Iuri Clericetti, organizzatore da parte svizzera della manifestazione, sottolinea che non c'è stato nessun problema con la Guardia di Finanza

«La corsa della bricolla si è svolta regolarmente sotto tutti i suoi aspetti e non è stata intralciata in alcun modo dalla Guardia di Finanza». Iuri Clericetti, organizzatore da parte svizzera della gara podistica e della rievocazione, traccia un bilancio più che positivo della manifestazione italo-svizzera che si è svolta ieri domenica 30 settembre sui sentieri utilizzati dai contrabbandieri sul confine tra i due Paesi. «Lungo
i sentieri che in passato percorrevano i contrabbandieri delle nostre zone con
le bricolle sulle spalle (da qui il nome “Corsa della Bricolla”) si sono
cimentati un paio di centinaia di persone – spiega Clericetti – Più di 100 gli atleti che hanno
preso parte alla gara podistica che ha caratterizzato gran parte della
manifestazione e quasi un centinaio le persone che si sono regalati una
passeggiata autunnale nei boschi insubrica che da Sessa portavano in direzione
di Monteggio per poi raggiungere la Dogana di Palone e in seguito Dumenza».

Qui
la manifestazione si è divisa in due: la gara podistica è salita verso Astano dalla Via Crucis e dopo un paio di
kilometri pianeggianti sopra il laghetto di Astano è discesa attraverso i
boschi fino a Sessa paese per raggiungere l’arrivo nella corte de i Grappoli di
Sessa.
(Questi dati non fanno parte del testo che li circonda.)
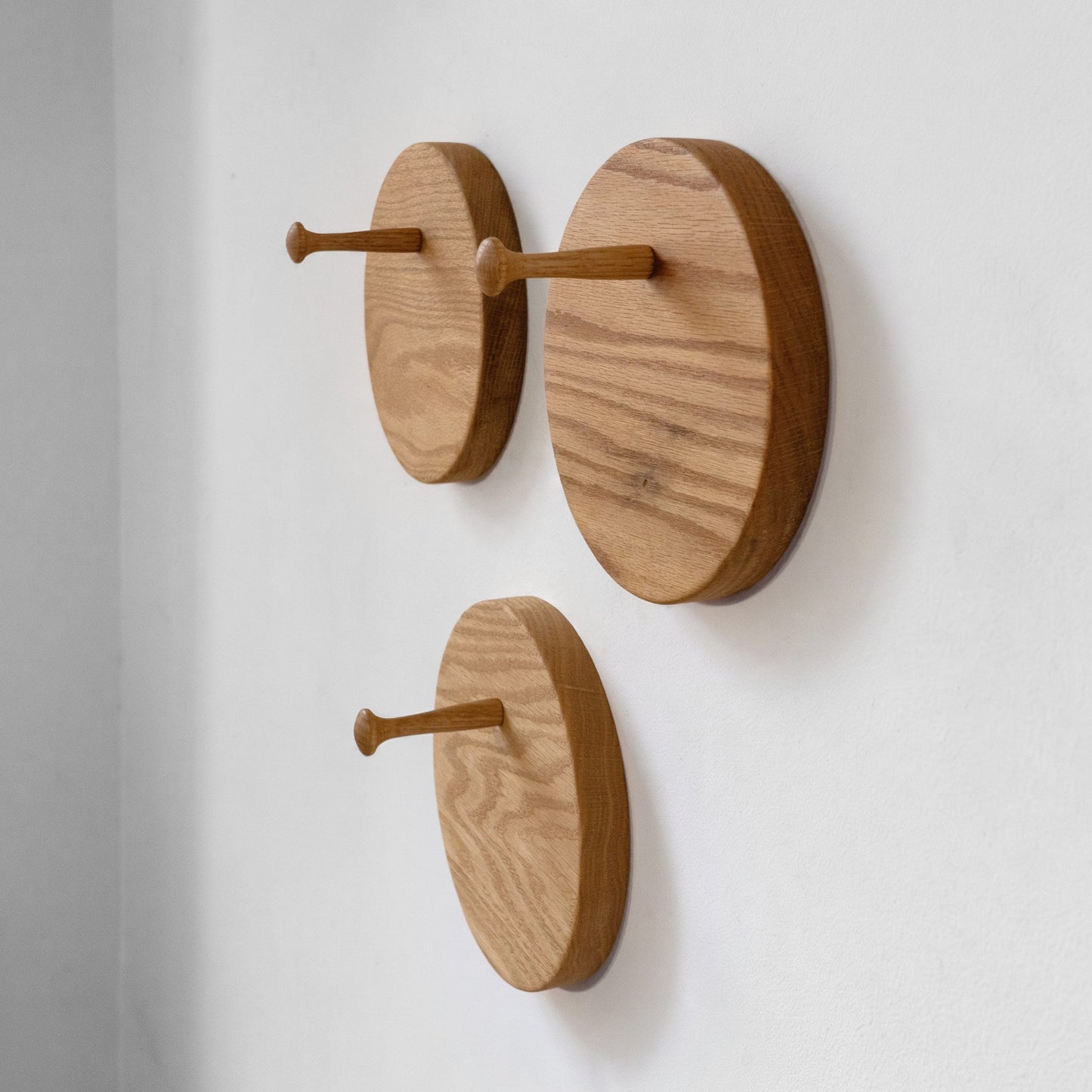 Three round wooden hat racks with natural oak grain, arranged diagonally on a plain white wall.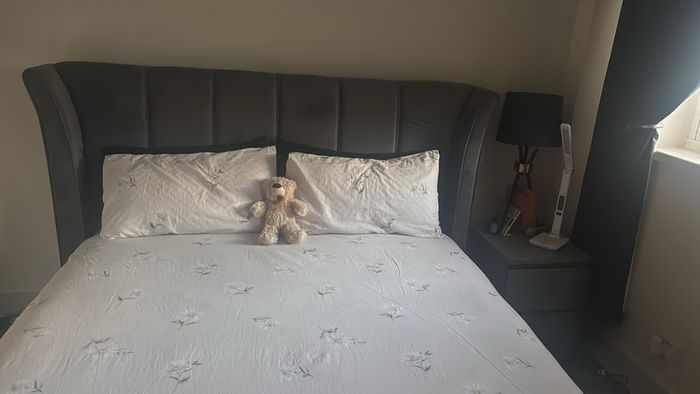 Reduced kingsize bed frame with matching curtains and leather armchair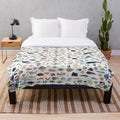 Colorful plush blanket with a variety of marine animals including fish, sharks, and whales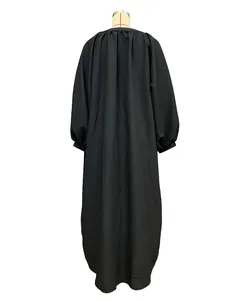 Back view of a black loose long-sleeve maxi dress on a display mannequin stand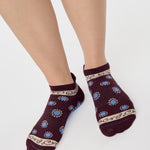 Woman wearing a full foot grip sock that has the design of a classic bandana, in the hues brown cherry and blue and beige detailing. Made for pilates, barre, yoga and beyond. 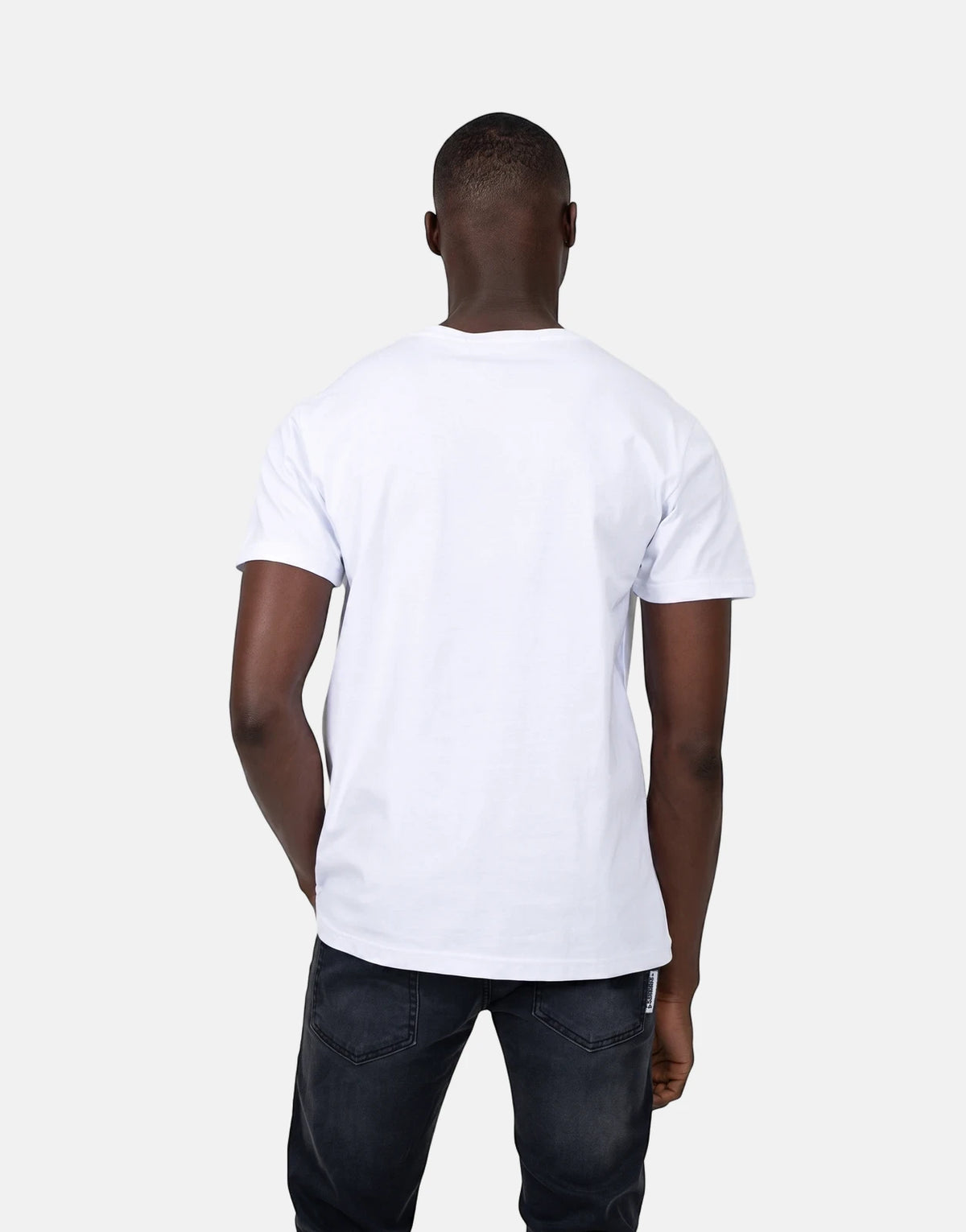Les Hommes Glitter Logo White T-Shirt on a man, viewed from the back, wearing dark jeans.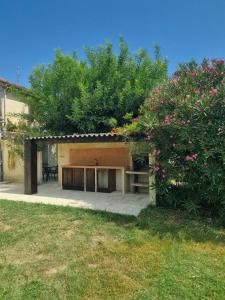 a house with a patio and a tree at L'Oustau de Maître Potager in Valréas
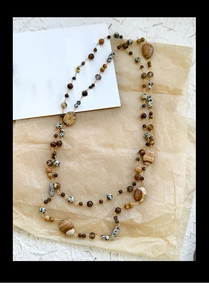 Detailed macro view of 14K gold plated chain with brown and white natural stone beads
La camminata invece è ritornata verso la Dogana di Palone per poi salire
una centinaio di metri in direzione del Sasso Biotto dove all’altezza del
Torione si è diretta verso Suino dapprima e Bonzaglio in seguito.

« La
rievocazione storica, che prevedeva la partecipazione di persone che camminando
portavano sulle spalle una bricolla, ha visto la partecipazione di due
coraggiose persone che hanno ricordato dal vivo l’arte del contrabbando – conclude Clericetti –
Interpretazione questa che pochi si sono sentiti di affrontare semplicemente
perché hanno preferito soluzioni più comode e con meno dispendio di energie
».

L’porganizzazione ringrazia la Polizia di Frontiera Italiana e le
Guardie di Finanza italiane nonché le Dogane Svizzere e il Corpo di Guardie di
Confine Svizzere che hanno collaborato sin dall’inizio per il buon esito della
manifestazione soprattutto per quanto riguarda il passaggio della Dogana di
Palone che per quello del Cavagnino (ad Astano) per tutte e tre i tipi di
manifestazione previste (gara podistica, camminata e rievocazione storica con
tanto di finta “bricolla” sulle spalle).